悪い娘の悪戯
「楽園への道」で、とりこになった作家ですが、今回もよみだしたらやめられませんでした。この作品は、飛行機と電車による移動の計11時間、ぶっとおしで読みました。天性のストーリーテラーだと思います。
「通訳者はいるのにいない存在」であるとか、「翻訳者は欲求不満の物書きである」という指摘もずばり的を得ているし、本当に人間というものを確かな技術と筆力で書くことのできる希有の作家です。しかも、とてもおもしろく。クラッシックなたたずまいのカバーには少々ぎょっとさせらますが、読み応えありますよ。
楽園への道 (池澤夏樹=個人編集 世界文学全集 1-2)
その絵をよく知っていても、ゴーギャンの生涯については、ブルジョワで比較的恵まれた画家であるという印象があるくらいだった。ポスト印象派の展覧会でゴーギャンの有名な自画像を見てなにか感じるものがあった。とらえがたいという印象。
池澤夏樹さん個人編集で珠玉の作品ぞろいで気に入ったこの文学全集のうちの一冊を読んでいて、この本を知って早速注文した。ゴーギャンとその祖母であるスカートをはいた革命家フローラとの生涯が交互に章ごとに描かれている。最初は、文中にある呼びかけがだれのものであるのかが気になったが、あとで著者であることを知ってその技法の独創性に驚いた。

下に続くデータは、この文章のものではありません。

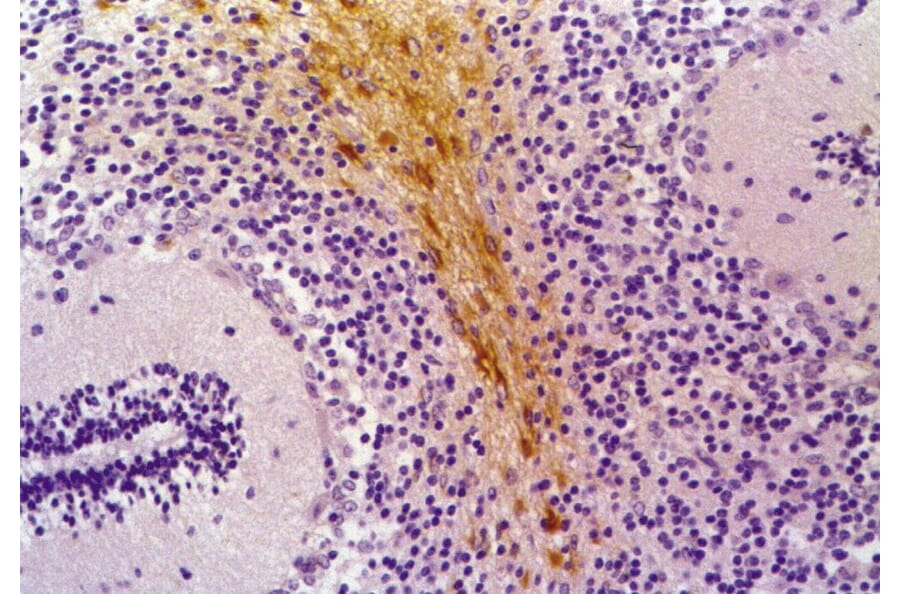 Immunohistochemistry - Anti-GFAP Antibody [GF-01] (A85506) - Antibodies.com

この本ほど読み終わったあとに茫然自失となる経験は私にはめずらしかった。
ゴーギャンもその祖母も当然お互いに会ったことがないにもかかわらず、その生涯を通底しているものに共通点がある。その意志の強靭さ、自由な精神、孤独、肉体を蝕むものとの闘い、みずからを燃焼させた人生。

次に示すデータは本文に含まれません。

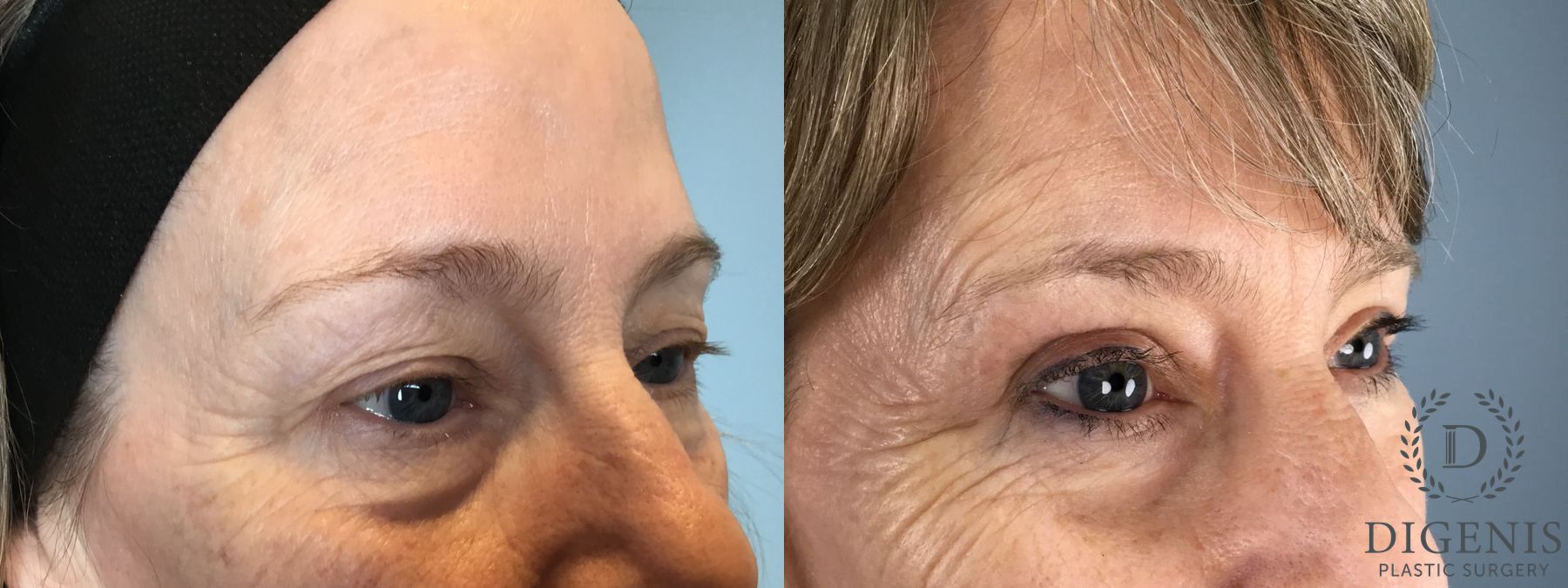 Before and after Eye Lid Surgery case 43348 - Angle 3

ゴッホが出てくる箇所もある。その純粋さ、その理想の高さ、その狂おしいまでの誠実さに涙が出た。
生とはこれほど鮮烈で残酷なものでありうるのだ。
見事な小説家の手になる芸術家の生涯を読むと絵を見るときの理解度が増すことを痛いほど知らされたということもある。
著者がノーベル文学賞を受けたことを知り、とてもうれしく思ったのは言うまでもない。
緑の家(上) (岩波文庫)
物語は,インディオの集落から無理矢理少女を連れ去るシーンから始まる。
原始的な生活をしているインディオの少女たちに,アマゾン川源流の地サンタ・マリーア・デ・ニエバの伝導所で,キリスト教的教育を受けさせるため無理矢理さらってくるのだ。
その伝導所で暮らす,少女ボニファシアが,その少女たちを脱走させたことで,伝導所で暮らすことができなくなってしまう。
そこから物語はいくつかの段落に分かれ,段落ごとにそれぞれの物語が展開していく。
まずは,このボニファシアを中心に展開する物語。
次に,日本人ゴム密輸商人フシーアがアキリーノのボートに乗って河を移動しながら会話を続ける物語。
ここで読者は,最初に戸惑うことになるだろう。二人が過去の思い出話をしている最中に,突然その場にいないはずの人間が会話に参加してきたように描写される。これは映画的なフラッシュバックなのだが,段落を変えずに突然会話に加わってくることで,最初は戸惑うだろう。
しかし,フラッシュバックであることが分かれば,文章自体は読みやすく,物語の展開も興味深い。
三番目に展開する物語は,ペルー北西部ピウラの町にふらりと現れ,売春宿「緑の家」を建てるハープ弾きのドン・アンセルモの生涯に渡る物語。次に,ピウラの町のマンガチェリーア地区に住むリトゥーマを中心とした物語。
その他,アマゾン川ぞいのまちイキートスの行政官フリオ・レアテギや船頭アドリアン・ニエベスなど魅力的な登場人物が目白押しである。
一見複雑なようでいて,物語としてはベラボーにおもしろいので,とにかくジグソーパズルを完成させるように,人物をメモしながら読み進み,それぞれのピースがカチリとはまったときの感動を味わってみてはいかがだろうか。